Question

The moment of inertia of a flywheel is $0.2kg{m^2}$ which is initially stationary. A constant external torque 5Nm acts on the wheel. The work done by this torque during 10sec is:
A. 1250J
B. 2500J
C. 5000J
D. 6250J

Answer 1

We can use Newton’s second law of motion to derive a relation between torque and momentum. Apply the work-energy principle.
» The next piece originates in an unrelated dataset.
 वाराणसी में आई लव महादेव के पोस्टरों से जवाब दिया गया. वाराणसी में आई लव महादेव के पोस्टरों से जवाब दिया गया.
Using this, derive a relation between momentum, a moment of inertia, and work to solve the problem.

Formula Used: The formulae used in the solution are given here.
Torque $\tau = F \times r$ where $F$ is the force applied.
$F = \dfrac{{dL}}{{dt}}$ where $L$ is the momentum.
Change in momentum $L = \int {\tau \cdot dt}$.
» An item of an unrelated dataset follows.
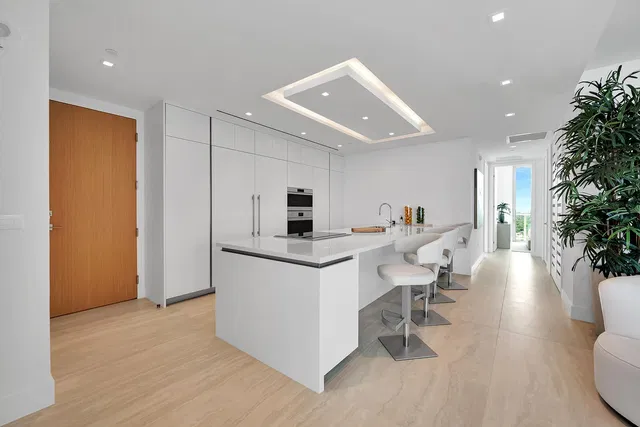 Alba Palm Beach Unit 1804 photo 8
Complete step by step answer :
It is given that, the moment of inertia of a flywheel is $0.2kg{m^2}$which is initially stationary. A constant external torque 5Nm acts on the wheel.
Torque is defined as the measure of the force that can cause an object to rotate about an axis. Force is what causes an object to accelerate in linear kinematics. Similarly, torque is what causes an angular acceleration. Hence, torque can be defined as the rotational equivalent of linear force.
Mathematically, $\tau = F \times r$ where $F$ is the force applied.
By Newton’s second law of motion, we know that force is the rate of change of momentum.
$F = \dfrac{{dL}}{{dt}}$.
When $r = 1$ and $\theta = {90^ \circ }$, $\tau = F$.
Thus, from the above equations, we can write that,
$F = \tau = \dfrac{{dL}}{{dt}}$
Rearranging the above equation and integrating it,
Change in momentum $L = \int {\tau \cdot dt}$
We have external torque $\tau = 5Nm$ and $dt = 10\sec$. Substituting these values, we get,
$L = 5 \times 10 = 50kgm{s^{ - 1}}$
Now, we know that work done is the measure of energy transfer that occurs when an object is moved over a distance by an external force. The work-energy theorem states that the net work done by the forces on an object equals the change in its kinetic energy.
Thus, work done= change in kinetic energy.
We can write,
$W = \dfrac{{{L^2}}}{{2I}}$ where $W$ is the work done, $L$ is the change in momentum and $I$ is the moment of inertia.
We have, $L = 50$ and $I = 0.2$.
Substituting the values given in the equation,
$W = \dfrac{{{{\left( {50} \right)}^2}}}{{2 \times 0.2}} = \dfrac{{25000}}{4}$
$\Rightarrow W = 6250J$
Hence, the correct answer is Option D.

Note: The moment of inertia, otherwise known as the mass moment of inertia, angular mass or rotational inertia, of a rigid body, is a quantity that determines the torque needed for a desired angular acceleration about a rotational axis; similar to how mass determines the force needed for the desired acceleration. It is given by, $I = \dfrac{L}{\omega }$ where $L$ is the momentum and $\omega$ is the angular velocity.